Trillian is one of the few programs I have constantly running on my computer. Partly because it allows me to keep most of my IMing in one program (I got sick of the ‘what is beeping what the hell is beeping oh wow I have no idea what’s beeping, guess I’m not talking to anyone’ dance), but also because it is a great way to passively follow Twitter.

If any of you follow me on Twitter, you know that I do not engage a whole lot there. I post things! Every few days or so. I have occasional, usually short conversations with friends like Kim Nayyer and Suzanne. A large part of that is that most of my writing support system is to be had over more private channels, like a forum or IMs. I find it easy to forget that social media and getting a bunch of people to read your writing involves things like making sure people know you exist.

Even so, I follow a few hashtags. Hashtags, for anyone who has been assiduously avoiding Twitter for the last few years, are ways to mark that a tweet is about a certain topic. Sometimes hashtags will trend, becoming popular with a large number of people for a while. Right now, a trending hashtag is #removeoneletterfilms. The hashtags that I regularly follow are #yyj, for events and news in Victoria, #myWANA, for the author support network Kristen Lamb started, and #amwriting, because it seemed like a good idea at the time. Both of the latter I follow at least in part to see emergent memes in the kind of indie writer culture that uses hashtags on Twitter, because they are sometimes also memes I will see at least partly reflected in news articles or brought up at meetings of the Victoria Writers’ Society.

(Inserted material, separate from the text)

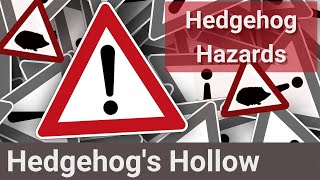 How to protect hedgehogs from hazards found in your garden | Hedgehog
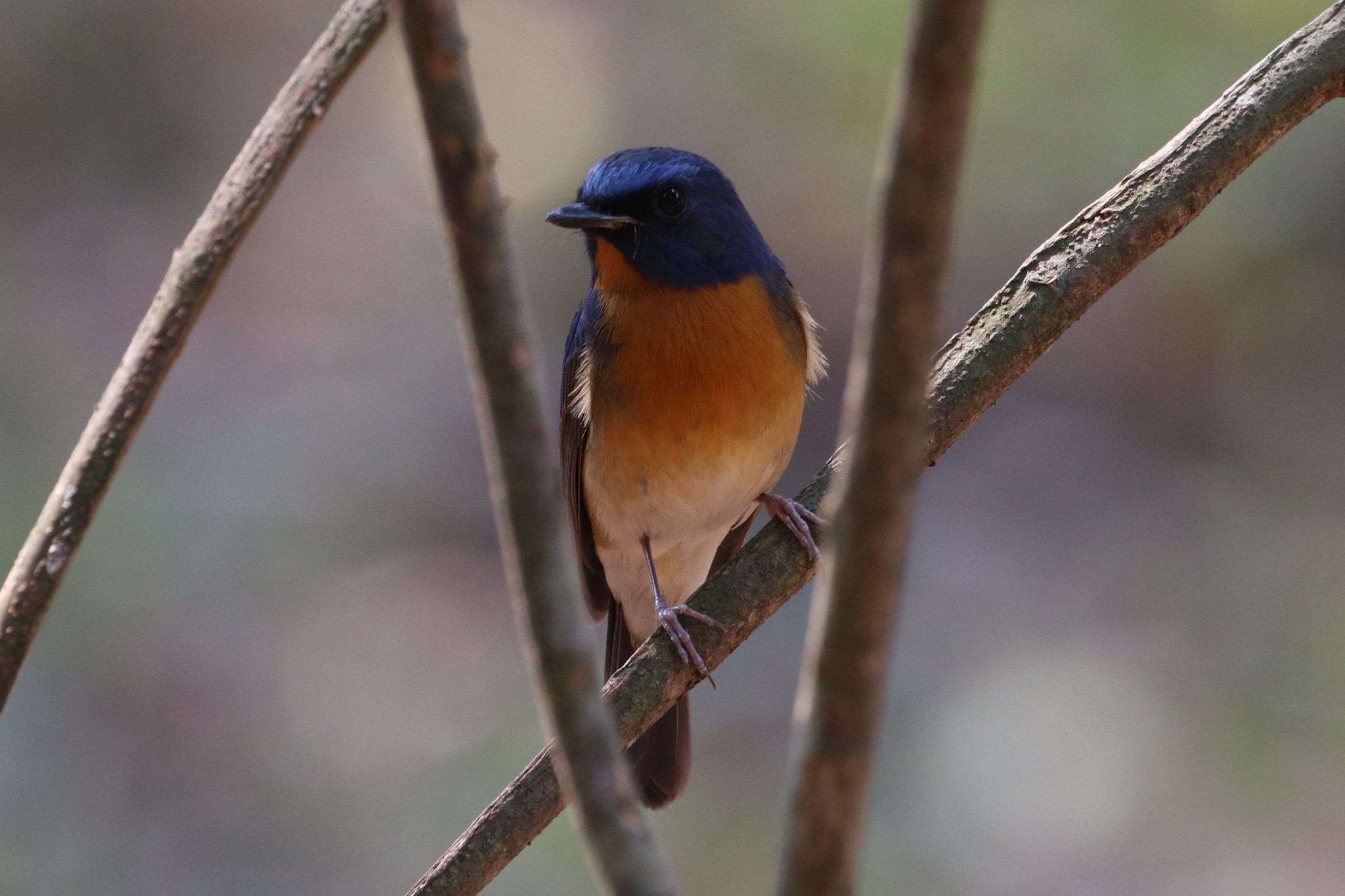 Chinese Blue Flycatcher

With Trillian, any tweets that include those hashtags pop up in the bottom right part of my screen. I can glance over and read and glance back and then it fades away. If I feel it necessary, I can reply to or retweet the tweet in question without ever switching tabs.

The curious thing about hashtags like myWANA and amwriting is that I see some people using them to market their books.

This is interesting to me, because yes, of course, writers read, but these hashtags seem to be only peopled by writers. I’d think that marketing could be more effectively directed at readers who are not already writers themselves: your writing support network probably already knows all about your book.